Una luce calda, in una casa, rende l'idea di un ambiente accogliente al contrario di una luce bianchissima che lo rende spesso "freddo", poco vitale.
Mai sentito parlare della "luce calda di un camino acceso", detto spesso con un certo accento di nostalgia?
Nella tecnica, ove possibile, occorre definire dei margini quantitativi: in termini quantitativi, dunque, è definita luce calda una luce il cui valore in °K è inferiore a 5400°K, che è preso come bianco convenzionale corrispondente alla luce piena del sole; quindi le luci a 4000°K, 3000°K e 2700°K sono luci via via sempre più calde.
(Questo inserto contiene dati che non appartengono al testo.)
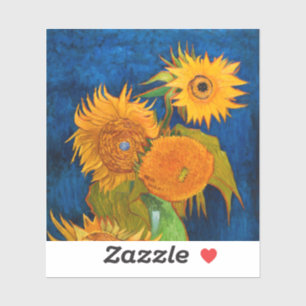 Van Gogh Sunflower Sticker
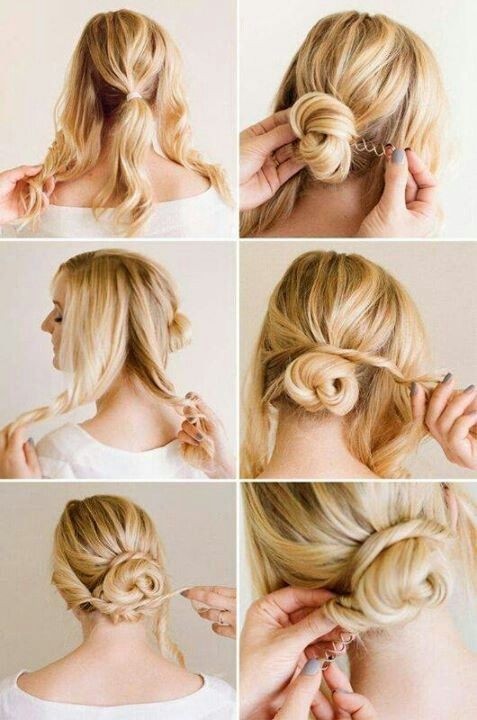 Easy Twisted Low Bun for Wedding Hairstyles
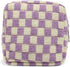 Small Makeup Bag for Purse, Mini Checkered Cosmetic Zipper Pouch, Travel Organizer for Women and Girls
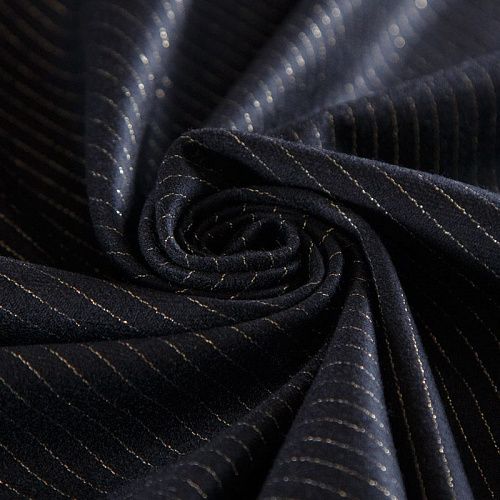 Ткань костюмная 025-16192 черный с люрексом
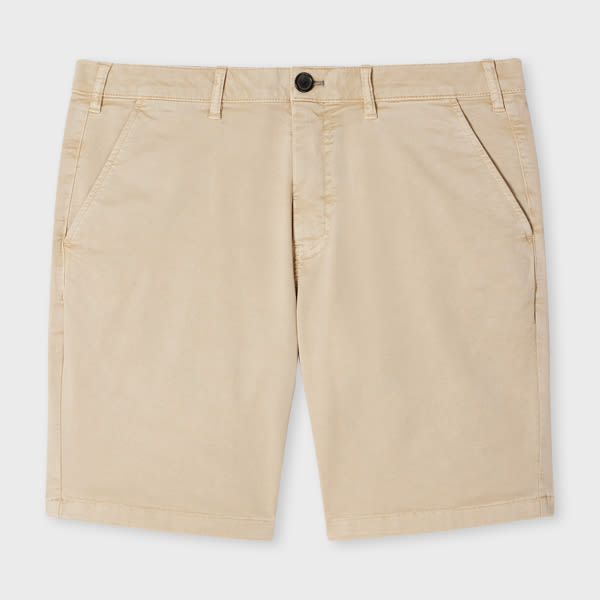 Ps By Paul Smith Light Tan Organic Cotton Chino Shorts Brown In Brown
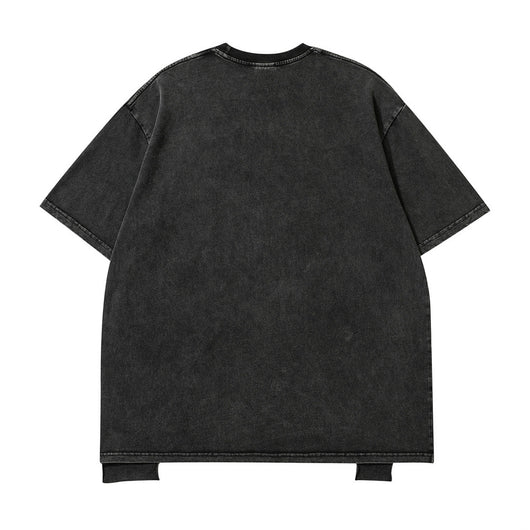 Camiseta Vintage Lavada Hombre - Estilo Urbano Personalidad Única - Image 10
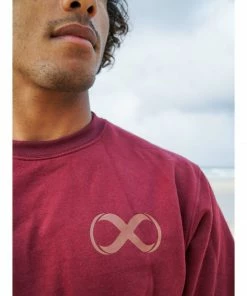 Braus BJJ Diamond Jiu Jitsu Jumper Burgundy Red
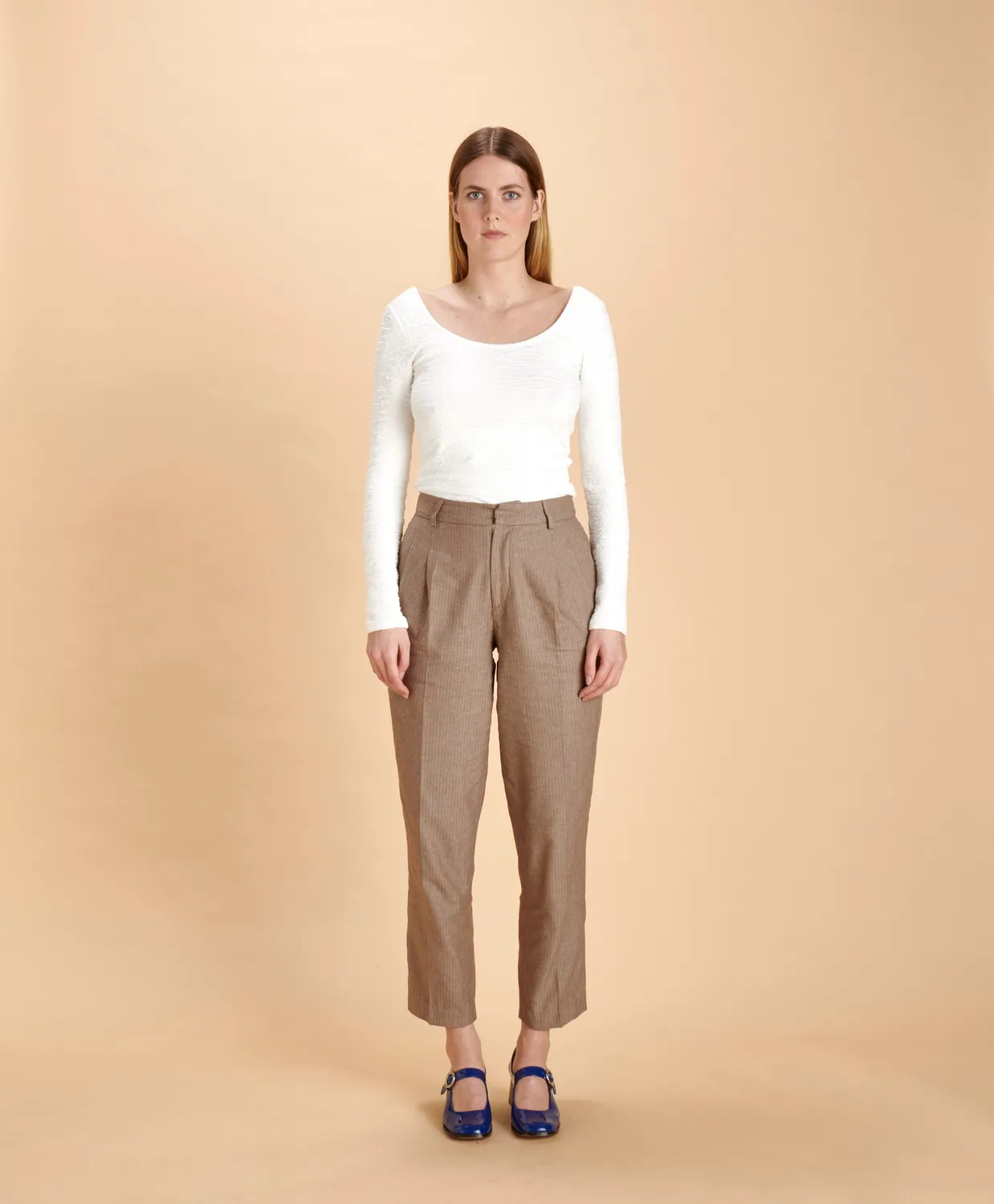 Soubacq Linen pantalon femme lin-coton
Al di sopra dei 5400°K sono considerate luci fredde.
Si può notare una contraddizione nel fatto che a temperature inferiori corrispondono luci "calde": questo perché, come detto sopra, per definire "caldo" e "freddo" si fa riferimento non alla temperatura, bensì agli effetti psicosomatici che un certo tipo di luce provoca sulle nostre sensazioni.
In ambito acquaristico difficilmente si scende sotto i 4000°K, un po' per problemi di alghe e poi per il fatto che luci troppo calde danno una colorazione molto gialla all'acqua e i toni del blu si perdono tutti. Falsano molto e danno un'idea di poca luce.
Al contrario di un neon a 3000°K, se metto un 5400°K o un 6500°K ho una bella luce bianca che al mio occhio appare luminosissima, seppure a parità di watt.